Sono esperienze, il più delle volte, nelle quali ci rendiamo conto di non essere liberi e indipendenti: solo raramente si tratta di oppressione, brama di potere oppure di una dipendenza dell’anima, sentimenti che proprio grazie alla loro bassezza possono divenire affascinanti.
Normalmente si tratta piuttosto delle cose quotidiane, delle meschinità, della famiglia che sentiamo come un peso, tutte cose di cui ci vergogniamo proprio perché sono così profane e delle quali però non riusciamo a fare a meno: la nostra nota infallibilità, quotidiane bugie senza senso, cleptomania o desideri sfrenati.

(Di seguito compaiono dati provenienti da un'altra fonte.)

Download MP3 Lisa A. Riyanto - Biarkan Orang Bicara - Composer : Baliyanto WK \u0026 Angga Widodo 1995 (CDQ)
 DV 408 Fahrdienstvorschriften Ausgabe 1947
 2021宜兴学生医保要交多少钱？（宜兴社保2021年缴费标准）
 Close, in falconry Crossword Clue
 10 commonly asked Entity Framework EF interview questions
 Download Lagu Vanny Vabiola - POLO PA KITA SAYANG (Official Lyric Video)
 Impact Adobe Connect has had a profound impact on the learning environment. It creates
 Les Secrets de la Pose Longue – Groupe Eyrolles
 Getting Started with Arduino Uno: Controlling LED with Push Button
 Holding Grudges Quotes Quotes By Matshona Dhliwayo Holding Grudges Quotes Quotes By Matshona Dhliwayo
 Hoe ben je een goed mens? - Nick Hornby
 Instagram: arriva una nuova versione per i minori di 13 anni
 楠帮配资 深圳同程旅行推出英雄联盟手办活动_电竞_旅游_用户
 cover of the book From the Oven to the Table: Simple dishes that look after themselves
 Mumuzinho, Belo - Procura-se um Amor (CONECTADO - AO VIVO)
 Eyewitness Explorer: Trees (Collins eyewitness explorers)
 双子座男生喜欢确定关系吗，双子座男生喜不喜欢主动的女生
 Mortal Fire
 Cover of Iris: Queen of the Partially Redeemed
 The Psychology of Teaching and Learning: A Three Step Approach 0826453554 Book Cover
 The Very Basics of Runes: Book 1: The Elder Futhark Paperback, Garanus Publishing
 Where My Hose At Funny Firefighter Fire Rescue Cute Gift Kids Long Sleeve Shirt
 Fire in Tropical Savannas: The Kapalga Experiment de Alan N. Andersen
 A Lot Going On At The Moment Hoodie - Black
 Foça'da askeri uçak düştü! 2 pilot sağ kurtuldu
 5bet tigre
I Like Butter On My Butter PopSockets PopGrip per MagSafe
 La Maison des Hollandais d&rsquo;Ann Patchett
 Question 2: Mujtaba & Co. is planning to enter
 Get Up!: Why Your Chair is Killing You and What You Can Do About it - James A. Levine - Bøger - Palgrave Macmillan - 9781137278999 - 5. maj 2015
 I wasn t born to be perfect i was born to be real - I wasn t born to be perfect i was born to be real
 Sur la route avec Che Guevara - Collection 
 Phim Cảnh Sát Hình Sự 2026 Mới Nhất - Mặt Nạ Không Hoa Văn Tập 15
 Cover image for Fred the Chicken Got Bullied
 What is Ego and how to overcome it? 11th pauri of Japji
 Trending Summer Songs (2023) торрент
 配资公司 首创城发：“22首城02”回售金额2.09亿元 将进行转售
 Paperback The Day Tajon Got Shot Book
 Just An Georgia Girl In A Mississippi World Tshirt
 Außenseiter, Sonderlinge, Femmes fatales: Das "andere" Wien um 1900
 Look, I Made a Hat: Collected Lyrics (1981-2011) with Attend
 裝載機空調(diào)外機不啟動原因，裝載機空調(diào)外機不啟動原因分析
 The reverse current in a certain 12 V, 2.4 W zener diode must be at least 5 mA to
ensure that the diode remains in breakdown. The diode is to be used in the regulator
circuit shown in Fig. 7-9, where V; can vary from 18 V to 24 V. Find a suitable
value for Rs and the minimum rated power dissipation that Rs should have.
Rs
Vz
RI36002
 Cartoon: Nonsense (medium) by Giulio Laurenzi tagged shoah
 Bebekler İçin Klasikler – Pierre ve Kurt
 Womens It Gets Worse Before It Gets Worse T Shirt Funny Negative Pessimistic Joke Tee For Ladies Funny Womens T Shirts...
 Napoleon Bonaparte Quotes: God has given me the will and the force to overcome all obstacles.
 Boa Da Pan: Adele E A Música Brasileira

Tarocchi: Il Diavolo, significato divinatorio
Nei Tarocchi Il Diavolo sta a significare che le nostre convinzioni sono messe duramente alla prova. Da un punto di vista lavorativo potrebbe trattarsi di possibili affari grazie ai quali realizziamo un buon guadagno sfruttando la buona fede o la scarsa preparazione del nostro socio. Può anche trattarsi di compiti che ci vengono affidati ma che vanno contro i nostri principi, come attività illegali, che se rifiutati ci fanno temere di perdere un buon guadagno o addirittura il nostro posto di lavoro.
Dal punto di vista amoroso invece il Diavolo fa la sua parte più interessante. Qui le sue tentazioni che promettono molto sono piccanti, appassionate, emotive. Comunque anche in questo caso dev’essere letta come un avvertimento. Stiamo giocando con il fuoco e più in fretta di quanto pensassimo ci verranno in mente queste parole di Schiller: la follia è breve, il pentimento è lungo. La carta ovviamente fa riferimento a tutti gli sviluppi infelici di un rapporto a due, relazioni di dipendenza emotiva, tradimenti, lussuria, mentalità da ricattatori, etc.